Sunday, March 1, 2009
The Noble Bundt
My sister-in-law and I used to joke a lot about bundt cakes. They were extremely popular in our youth, as were cake mixes. I didn't make a cake from scratch until was nearly 30, and then only because my friends from college mocked me relentlessly about Duncan Hines. Eventually I discovered that cakes from scratch do taste better, and I got really into German and Austrian baking after multiple trips to Vienna. My sister-in-law and I have tried to duplicate the Mohr im Hemd she had at the Cafe Griensteidl 12 years ago many times.

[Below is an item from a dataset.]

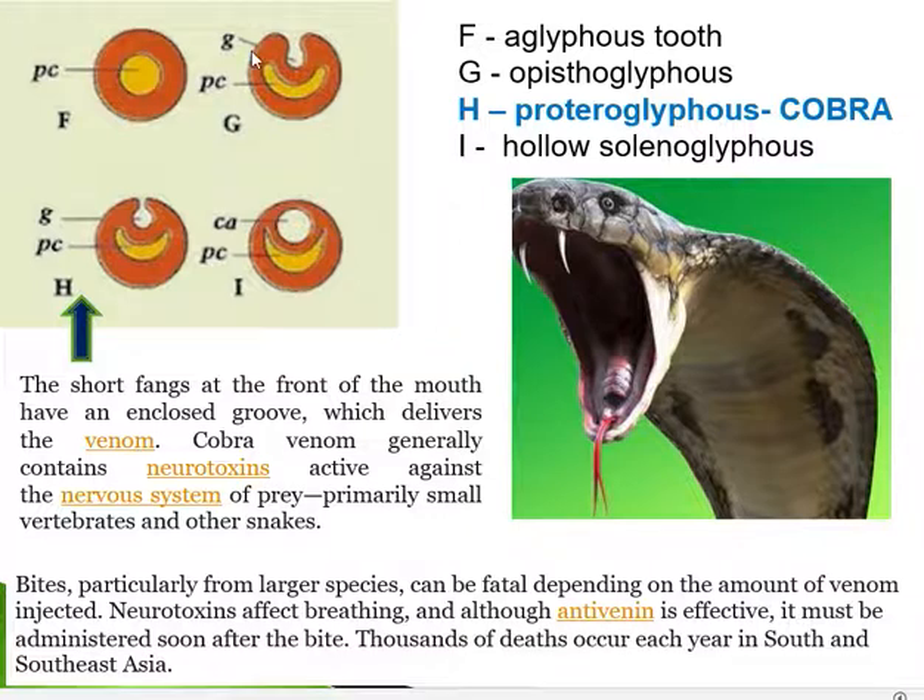To understand proteroglyphous, we look at the four types of snake teeth seen in cross-section. In non-poisonous snakes like Natrix — called nirkoli in Malayalam — there is no cavity inside the fang. It is fully solid and called aglyphous teeth. The word 'glyph' means groove, and there is no groove, space, or cavity in this tooth — it is totally solid.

Today, I had to dig out my bundt pan. I am making my boyfriend a chocolate cake from the Imperial Austrian cook book for his birthday, and it's not a layer cake. And I was reminded of the history of the bundt. Two members of the Minneapolis branch of Hadassah, Rose Joshua and Fannie Schanfield, asked H. David Dahlquist (founder of Nordic Ware) to manufacture a mold so they could bake the cakes of their European childhoods, not solely American layer cakes. Mr. Dahlquist complied, and the bundt pan emerged in 1950. It was a substitute for the many and various molds used in European baking. I assume that if you were Jewish and trying to get out of Europe in the 1930s, you may well have had to leave your baking molds behind. My grandmother had a quite impressive collection of cake molds herself, but by the time I needed them, they were in a landfill somewhere. So again, I rely on the bundt. It also works for gugelhopf (also called kugelhopf), a pound cake that a Dutch friend swore her father had for dessert every night, so I'd make it for her birthday.